On the other side of the palace is the Cathedral of Nuestra Senora de la Almudena. This church was unique because it had a brightly painted ceiling and dome. After visiting the cathedral, our wanderings took us to the Plaza Mayor. It is a neat square, but we didn't stay long because we were off to finally find some lunch.
We ended up eating lunch at this really interesting place called the Museo de Jamon (translated as the "Museum of Ham"). After filling up, we were back on the road to do more sightseeing. We enjoyed walking some quiet side streets and then decided to go tour the stadium where the soccer team, Real Madrid, plays.
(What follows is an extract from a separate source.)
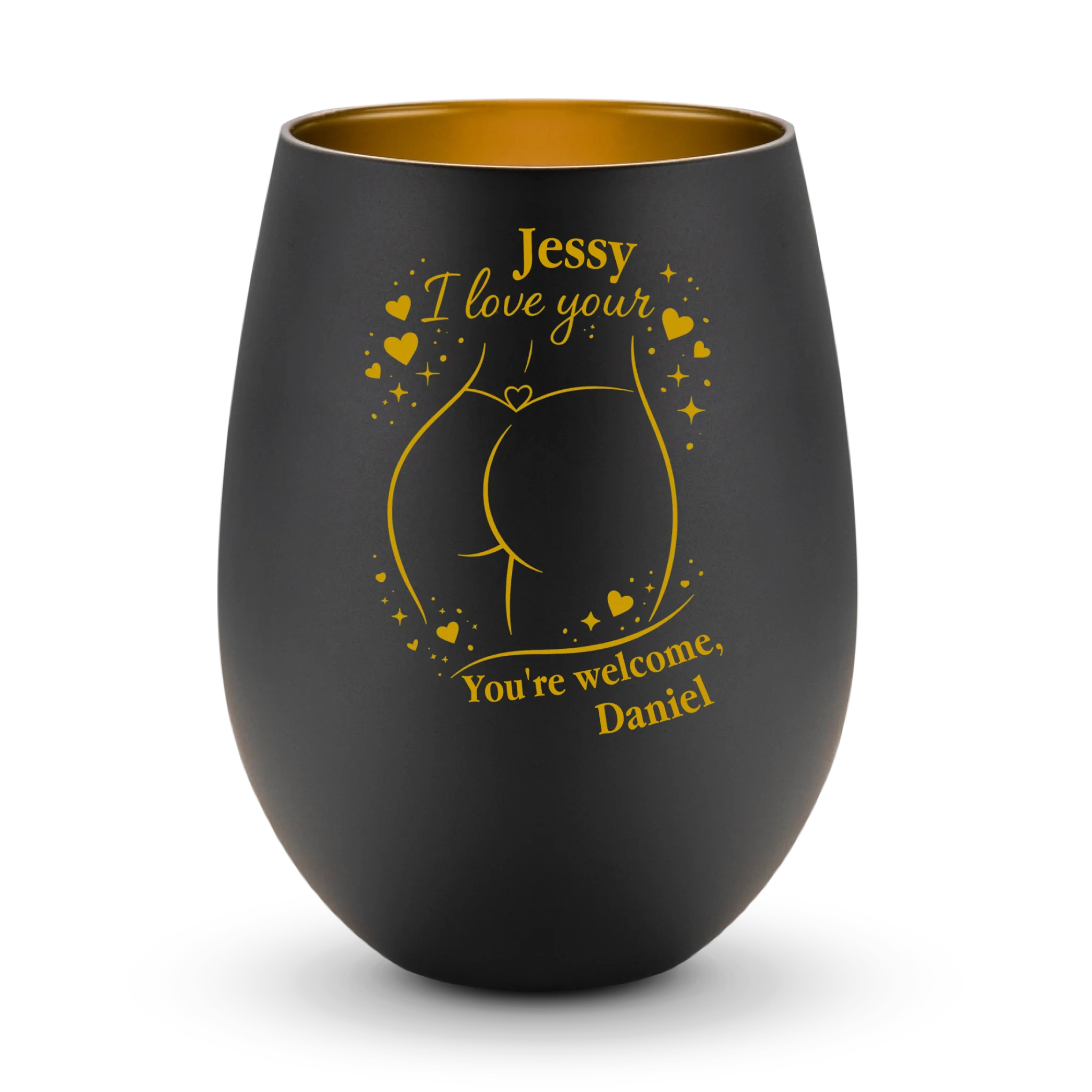 I love your - Windlicht (personalisierbar für sie)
When we got to the stadium, we found out that they were replacing the field... that was a definite bummer because I am sure they normally have a gorgeous pitch! After years of playing soccer, we both appreciate green, lush grass to play on. While the field may not have been that impressive when we were there, the team's abundance of trophies surely was! I guess that is why they claim to be the best team in history. I'm not saying that I agree though....
Soon it was time for our anniversary dinner... we ate at a restaurant called "Sobrino de Botin." It was established in 1725 and has been named by the Guinness Book of World Records as the oldest restaurant in the world. When you first walk in, there is a chef preparing their specialty, roast suckling pig. For dinner, we headed downstairs... we sat in the wine cellar section, which I think is the most charming and romantic and is also the oldest part of the restaurant. It was a great meal and a wonderful way to celebrate our 6th anniversary!
After dinner, we walked back through the Plaza Mayor, which was taking on a nice glow as evening set in. There we watched a flamenco dancer for a little while... she was very passionate, and it was fun to take in one of Spain's defining cultural aspects.
As night began to fall, we continued to stroll through the city. We caught a hint of the sun setting behind the Royal Palace. By the time it was dark, we had made it back to the Temple of Debod... I love this shot that Daniel took there, with the temple perfectly mirrored in the reflecting pool. We snapped a photo by the fountain behind the temple too. It all made for a very pleasant evening.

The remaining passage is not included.